%%

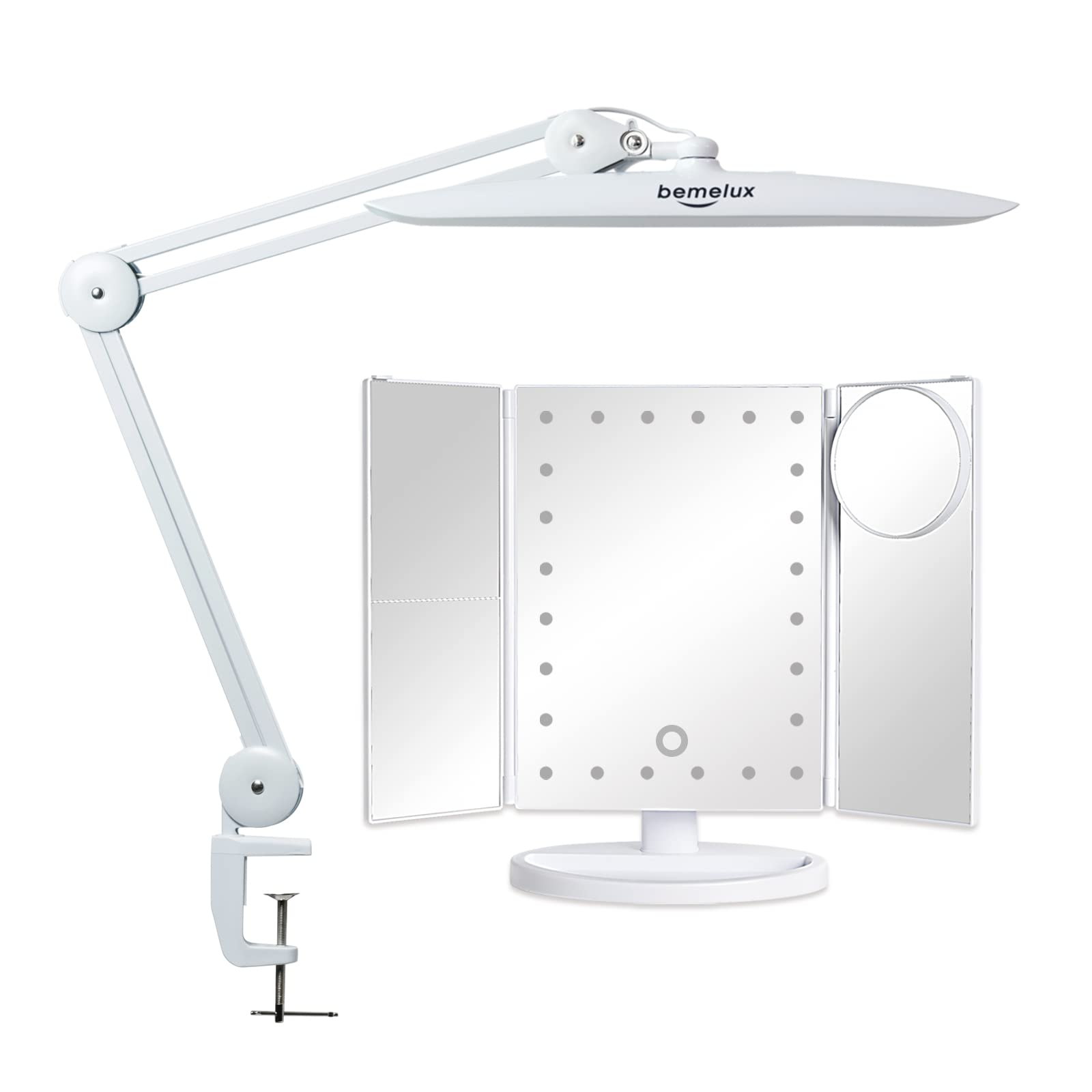 24W Super Bright LED Desk Lamp with Clamp - Adjustable Makeup Vanity Mirror with Dimmable Lights for Home Office, Study, Dressing Table & Beauty Salon
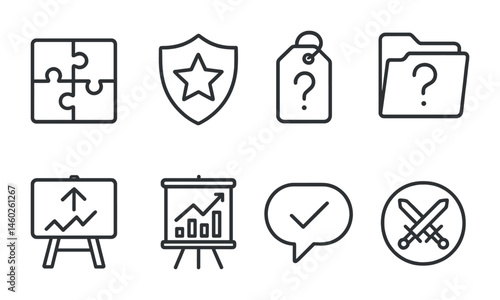 Line style icons of quest challenges: puzzle icon, challenge badge, mystery tag, riddle file, task difficulty board, challenge chart, progress check bubble, challenge icon symbol.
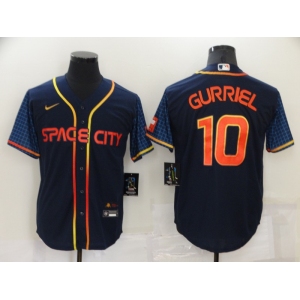 Men's Houston Astros #10 Yuli Gurriel 2022 Navy City Connect Game Stitched Jersey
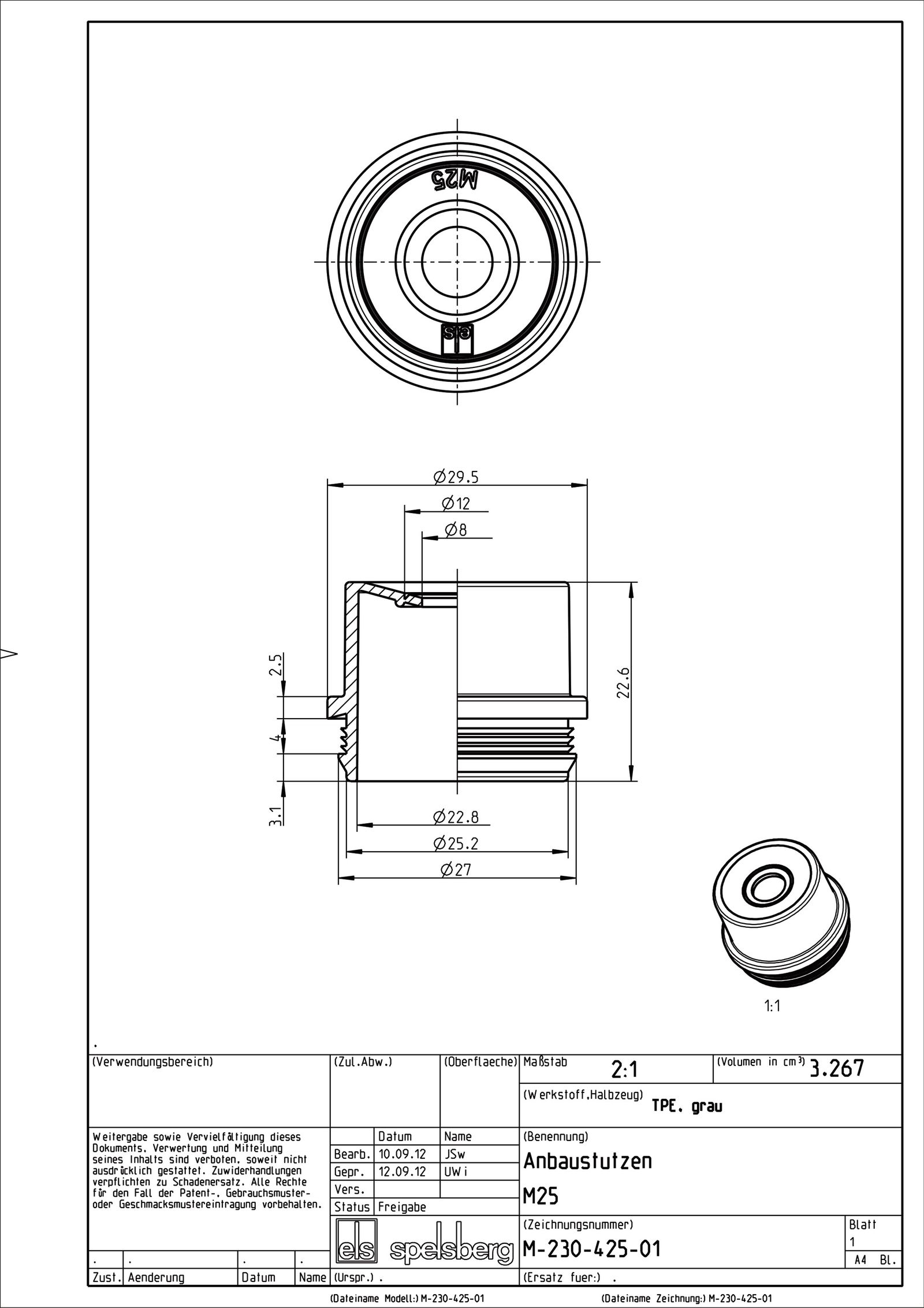 Kabeleinsteckstutzen IP54 Ø25mm 9-16mm lgr hfr offen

%%

Without including any pictures, set down word for word every line from the one containing "Men's Houston Astros" through the last line of the material.

Answer to this problem.
 Men's Houston Astros #10 Yuli Gurriel 2022 Navy City Connect Game Stitched Jersey
 Kabeleinsteckstutzen IP54 Ø25mm 9-16mm lgr hfr offen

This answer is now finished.